Fondato nel 1895 con finalità mutualistiche, a capitale interamente privato, il Consorzio oggi conta 50mila tra soci e clienti, è presente in ben quattro regioni (Veneto, Lombardia, Emilia Romagna e Marche) e in 13 province, con un fatturato nel 2019 di 437 milioni di euro e una fitta rete di strutture commerciali, logistiche e produttive dislocate sul territorio di riferimento.  Una realtà che offre servizi di assistenza, consulenza, formazione mettendo a disposizione stabilimenti, officine, personale, magazzini e know how per la costruzione di filiere per la valorizzazione del Made in Italy.
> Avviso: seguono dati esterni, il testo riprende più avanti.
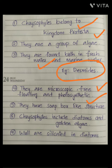Chrysophytes include diatoms and golden algae. Diatoms and golden algae come under chrysophytes in Kingdom Protista. The walls of diatoms are silicated — that is, the walls are made up of silica. This soap-box-like structure with silicated walls is a very important point.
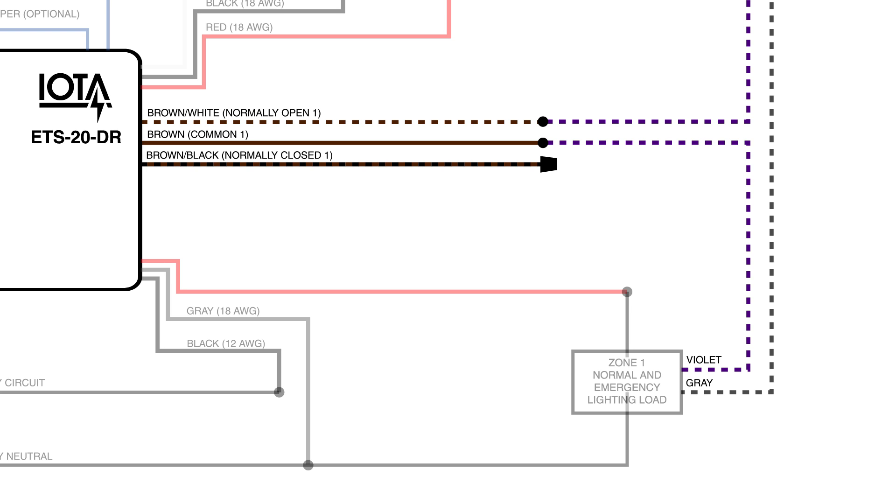However, this lead can be connected to another control device, such as an alternate dimmer, to accept a signal other than full output while in emergency mode.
Il 36% dei ricavi proviene dal settore agronomico che comprende la vendita di agro farmaci, fertilizzanti, sementi, impiantistica varia, il 23% deriva dai carbolubrificanti, il 23% dai mangimi e il 12% dalla commercializzazione e stoccaggio dei cereali con 33 magazzini totali, 128 silos e 22 colonne di essiccazione.

La sicurezza per la cerealicoltura e l’indotto è data da una serie di certificazioni che coinvolgono modelli ecosostenibili dall’Ogm free al bio fino alla garanzia del 100% italiano. Per il settore zootecnico produce alimenti certificati per oltre 3,4 milioni di quintali all’anno per la produzione di carne e latte di elevata qualità. Importante anche la mole di investimento: 88 milioni di euro tra il 2008 e il 2019.

“Abbiamo approvato un bilancio positivo ed ora ci dedichiamo al rilancio del nostro Consorzio Agrario – spiega il Presidente Ettore Prandini - attraverso un progetto strategico che apre all’ingresso di partner industriali, come Bonifiche Ferraresi,  inaugurando una nuova stagione di grande prospettiva per il comparto agroalimentare. Puntiamo su formazione, ricerca, offerta di nuovi servizi, attenzione alle filiere e ai territori.  In questa direzione – aggiunge Prandini - va il via libera del Cda al progetto che prevede la costituzione di una nuova società e l’obiettivo di far diventare il Consorzio il pilastro del sistema agroalimentare e la piattaforma di riferimento dei prodotti agricoli e del cibo dei nostri territori”.

“E’ certamente importante crescere nel fatturato – dichiara il Presidente di Agrinordest - ma oggi puntiamo innanzitutto allo sviluppo di nuove tecnologie applicate a processi di produzione efficienti e competitivi, all’agricoltura di precisione da sviluppare in collaborazione con la Società italiana sementi, alla ricerca applicata in materia di genetica ecologica.  Siamo convinti che per ridurre le posizioni di debolezza e dare valore ai prodotti agricoli non servono sterili denunce e vaghi appelli, ma serve ridare slancio a contratti di filiera innovativi. In questo quadro i Consorzi Agrari devono avere l’ambizione di non chiedere nulla alla politica e di dare molto al Paese”.

“Con il nostro progetto – conclude Ettore Prandini - vogliamo dare una dimensione industriale al sistema dei Consorzi, rimanendo dentro il recinto della mutualità tipica del sistema cooperativistico che abbiamo fortemente difeso. Apriamo a partner privati esterni come Bonifiche Ferraresi per portarci in casa ulteriori competenze, ricerca, risorse finanziarie per dare slancio a nuovi investimenti. Il nostro è un grande progetto per l’agricoltura e per il Paese, per questo stiamo lavorando con passione per realizzarlo in tempi brevissimi, per il bene delle nostre imprese”.